---------- DATA SECTION

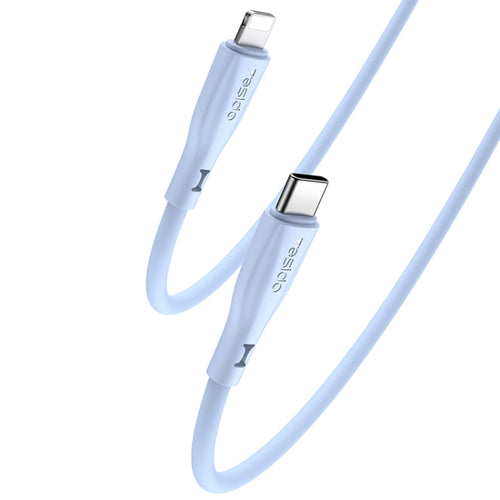 Yesido CA151 PD20W USB-C / Type-C to 8 Pin Silicone Charging Data Cable, Cable Length: 1m(Blue) - HoMEdemic™ 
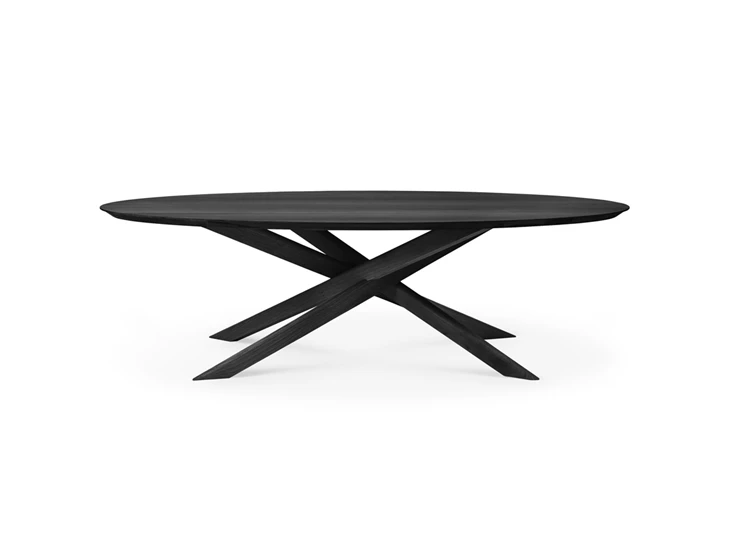 Ovale eettafel Oak Mikado Oval Black Dining Table 50186 Ethnicraft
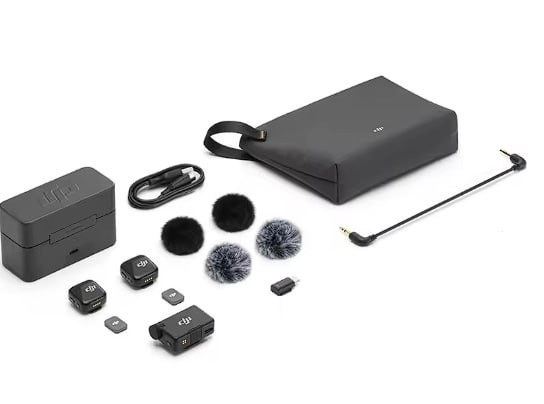 Бездротовий мікрофон DJI Mic Mini подвійний 2 TX + 1 RX + Case Type-C для iPhone Android Action 5 Pocket 3 Київ - фото 4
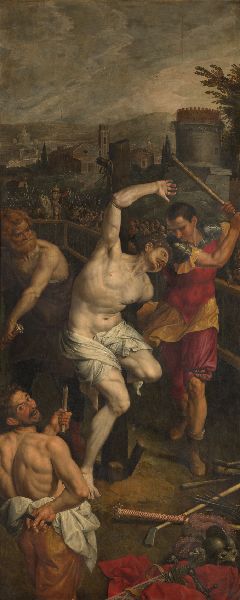 Ambrosius Francken I, The Martyrdom of Saint Sebastian of Rome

--------------------

WORK ORDER:
Repeat the listing above exactly, omitting the pictures it contains.

REPLY TO THE EXERCISE:
 Yesido CA151 PD20W USB-C / Type-C to 8 Pin Silicone Charging Data Cable, Cable Length: 1m(Blue) - HoMEdemic™ 
 Ovale eettafel Oak Mikado Oval Black Dining Table 50186 Ethnicraft
 Бездротовий мікрофон DJI Mic Mini подвійний 2 TX + 1 RX + Case Type-C для iPhone Android Action 5 Pocket 3 Київ - фото 4
 Ambrosius Francken I, The Martyrdom of Saint Sebastian of Rome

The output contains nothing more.